O comandante do Exército, general Marco Antônio Freire Gomes, assegurou, hoje (6), que o Exército tem total controle sobre o processo de autorização para que caçadores, atiradores desportivos e colecionadores (os chamados CACs) adquiram armamentos.

“O sistema de controle que o Exército efetivamente gerencia, o dos CACs, é muito bom. É um sistema que funciona”, afirmou Gomes durante audiência pública realizada pela Comissão de Relações Exteriores da Câmara dos Deputados.

Após explicar que compete à Força regulamentar, autorizar e fiscalizar o registro, a posse e o porte de armas apenas dos caçadores, atiradores e colecionadores devidamente autorizados, o comandante lembrou que as demais pessoas, além das empresas de segurança, são administradas pelo sistema da Polícia Federal (PF).

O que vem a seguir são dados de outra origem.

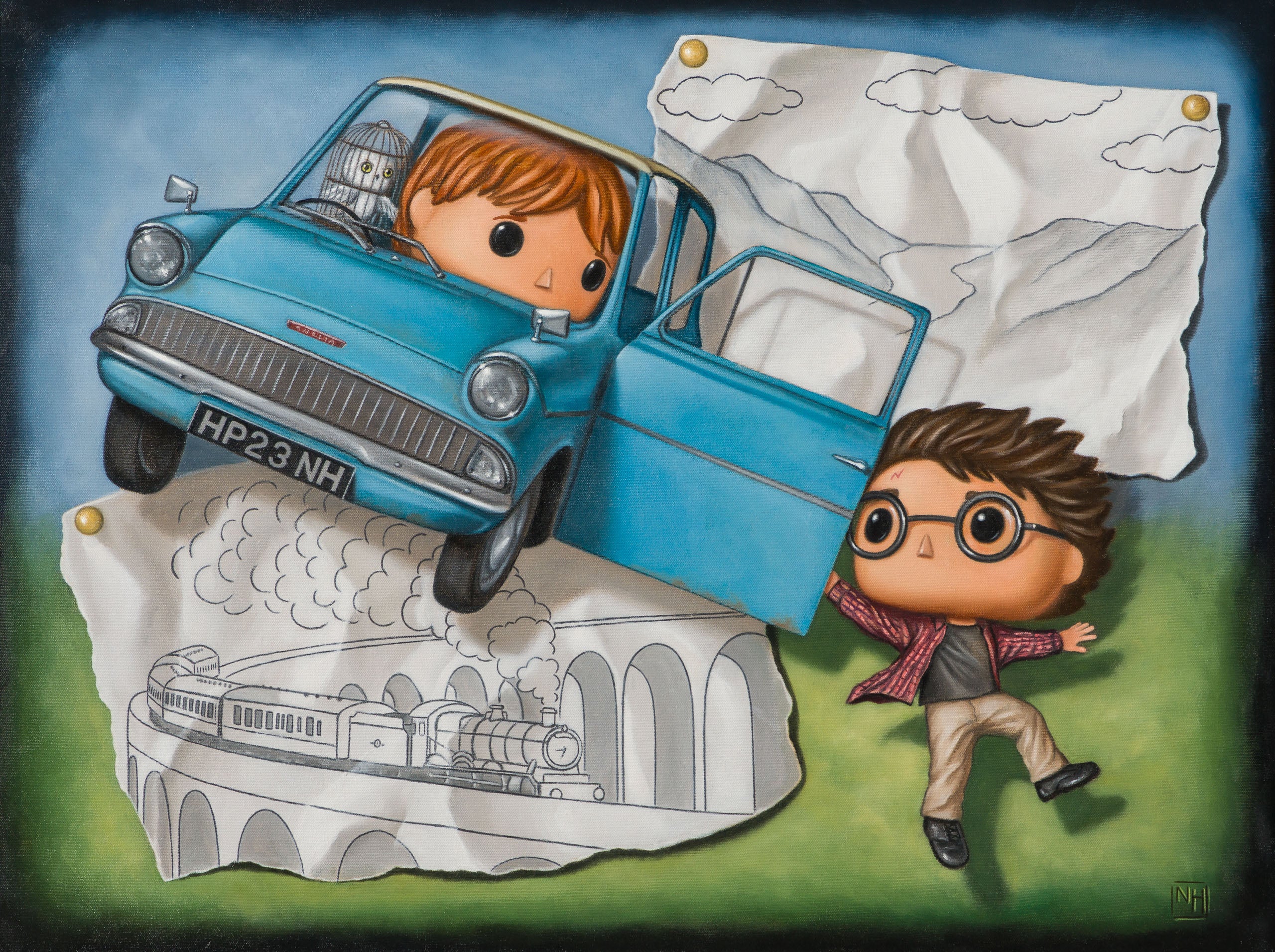The Flying Car - Image 6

“O Exército faz muito bem o controle [do seu sistema], mas no momento em que estes armamentos são desviados, roubados, o controle passa a ser policial. E posso afirmar que o nosso sistema tem ajudado muito as nossas polícias a mitigar esta questão”, acrescentou o general, afirmando que, desde 2019, a Força duplicou o número de militares trabalhando na área fiscalizatória.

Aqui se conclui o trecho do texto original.